Deoxyguanosine (dG) is composed of the purine nucleobase guanine linked by its N9 nitrogen to the C1 carbon of deoxyribose. It is similar to guanosine, but with one hydroxyl group removed from the 2' position of the ribose sugar (making it deoxyribose). If a phosphate group is attached at the 5' position, it becomes deoxyguanosine monophosphate.

Deoxyguanosine is one of the four deoxyribonucleosides that make up DNA.

== Potential Damage to Deoxyguanosine ==
Deoxyguanosine is a base that is vulnerable to reactive oxygen species (ROS) because of its comparatively lower oxidation potential. As a result, ROS can oxidize dG to make 8-oxo-7,8-dihydro-2'-deoxyguanosine (8-oxodG). This modification is known as a pre-mutagenic lesion, meaning that the damage can still be repaired, but can lead to a mutation if left alone. The oxidation of dG can be detrimental to the genome since 8-oxodG base pairs with deoxyadenosine (dA) instead of the deoxycytidine (dC), which is the proper Watson-Crick base pair.

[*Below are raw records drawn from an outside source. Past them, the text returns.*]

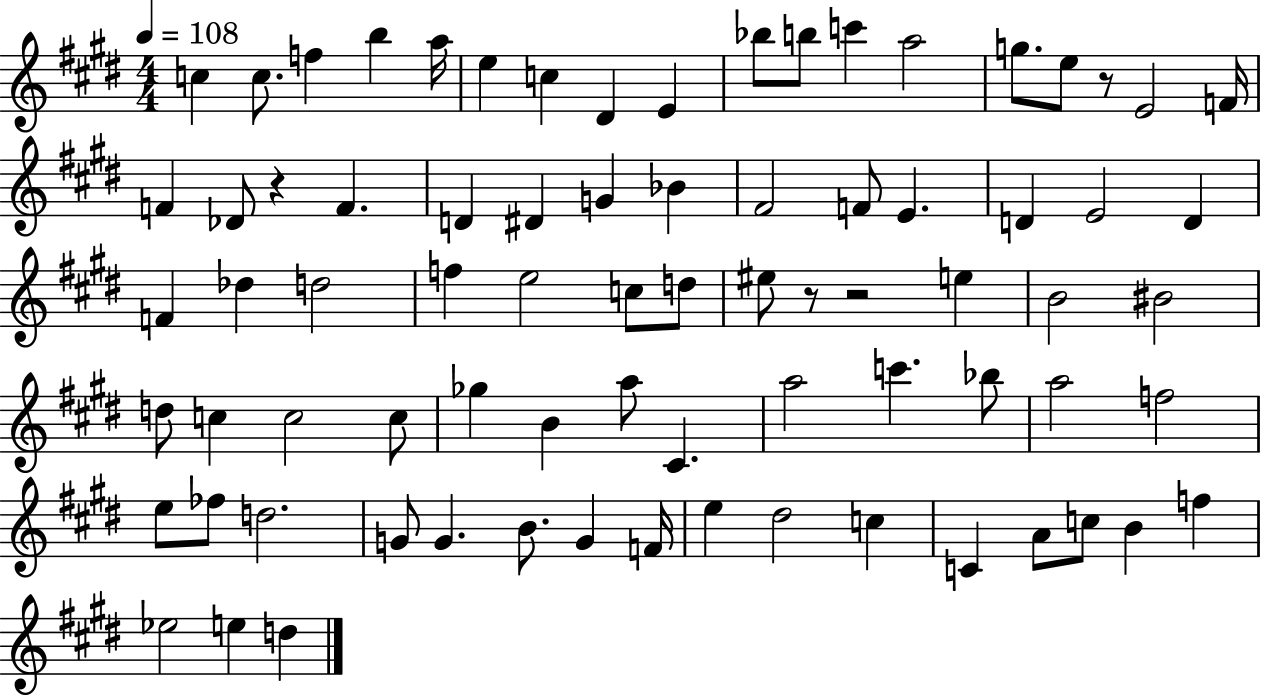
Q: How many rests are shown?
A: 4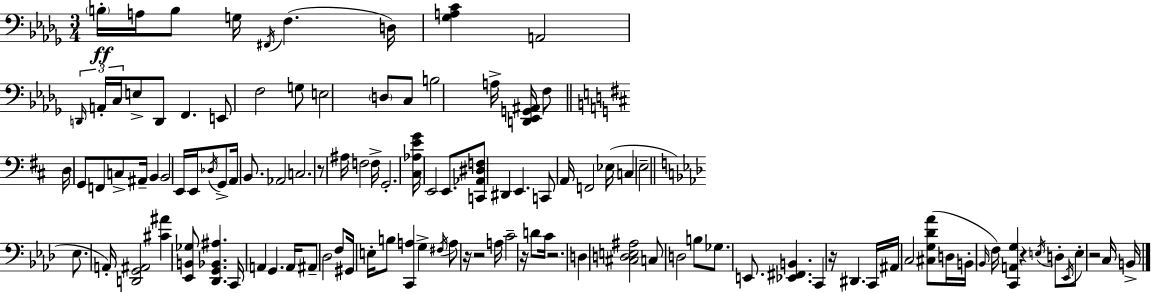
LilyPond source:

{
  \clef bass
  \numericTimeSignature
  \time 3/4
  \key bes \minor
  \repeat volta 2 { \parenthesize b16-.\ff a16 b8 g16 \acciaccatura { fis,16 }( f4. | d16) <ges a c'>4 a,2 | \tuplet 3/2 { \grace { d,16 } a,16-. c16 } e8-> d,8 f,4. | e,8 f2 | \break g8 e2 \parenthesize d8 | c8 b2 a16-> <d, ees, g, ais,>16 | f8 \bar "||" \break \key b \minor d16 g,8 f,8 c8-> ais,16-- b,4 | b,2 e,16 e,16 \acciaccatura { des16 } g,8-> | a,16 b,8. aes,2 | c2. | \break r8 ais16 f2 | f16-> g,2.-. | <cis aes e' g'>16 e,2 e,8. | <c, aes, dis f>8 dis,4 e,4. | \break c,8 a,16 f,2 | ees16( c4 e2-- | \bar "||" \break \key aes \major ees8. a,16-.) <d, g, ais,>2 | <cis' ais'>4 <ees, b, ges>8 <des, g, bes, ais>4. | c,16 a,4 g,4. a,16 | ais,8-- des2 f8 | \break gis,16 e16-. b8 <c, a>4 g4-> | \acciaccatura { fis16 } a8 r16 r2 | a16 c'2-- r16 d'8 | c'16 r2. | \break d4 <cis d e ais>2 | c8 d2 b8 | ges8. e,8. <ees, fis, b,>4. | c,4 r16 dis,4. | \break c,16 ais,16 c2 <cis g des' aes'>8( | d16 b,16-. \grace { bes,16 } f16) <c, a, g>4 r4 | \acciaccatura { e16 } d8-. \acciaccatura { ees,16 } e8-. r2 | c16 b,16-> } \bar "|."
}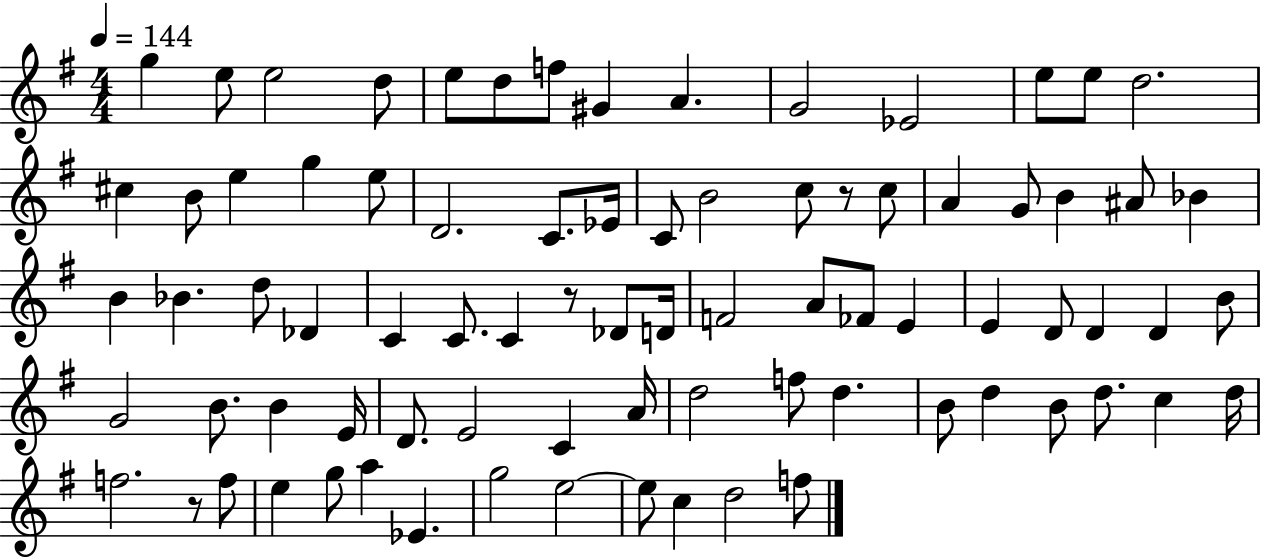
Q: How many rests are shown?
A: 3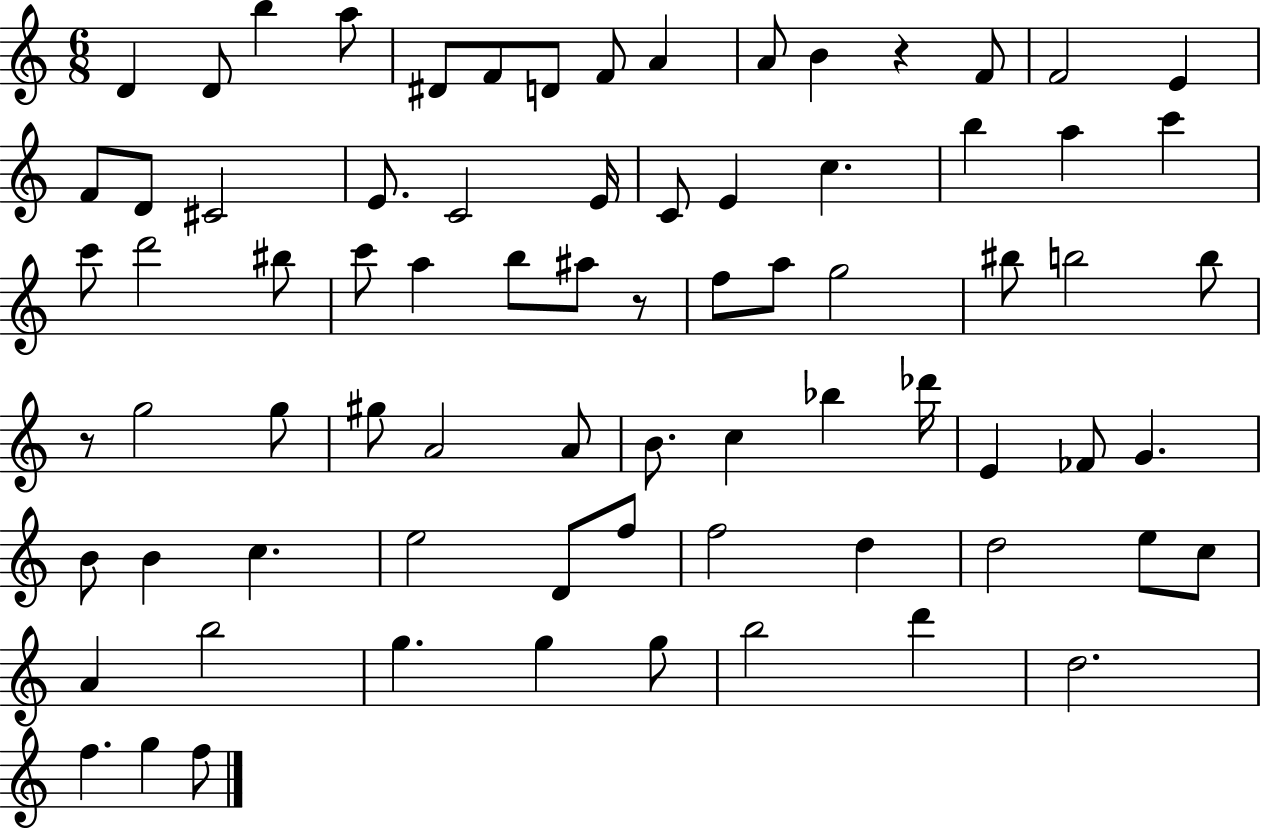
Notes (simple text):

D4/q D4/e B5/q A5/e D#4/e F4/e D4/e F4/e A4/q A4/e B4/q R/q F4/e F4/h E4/q F4/e D4/e C#4/h E4/e. C4/h E4/s C4/e E4/q C5/q. B5/q A5/q C6/q C6/e D6/h BIS5/e C6/e A5/q B5/e A#5/e R/e F5/e A5/e G5/h BIS5/e B5/h B5/e R/e G5/h G5/e G#5/e A4/h A4/e B4/e. C5/q Bb5/q Db6/s E4/q FES4/e G4/q. B4/e B4/q C5/q. E5/h D4/e F5/e F5/h D5/q D5/h E5/e C5/e A4/q B5/h G5/q. G5/q G5/e B5/h D6/q D5/h. F5/q. G5/q F5/e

Consequently, if the lesion is not repaired via the mismatch repair mechanism, during DNA replication a dA will take the place of the dC, resulting in a mutation.

Deoxyguanosine is also a base that is prone to reacting with carcinogens, such as polyaromatic hydrocarbons (PAHs). Once the PAHs are metabolized and made stable in the intracellular environment, they can react with dG to form 7-methyldeoxyguanosine or O6-methyldeoxyguanosine. The presence of these modifications can then lead to downstream effects that lower the fidelity of DNA replication and potentially cause mutations.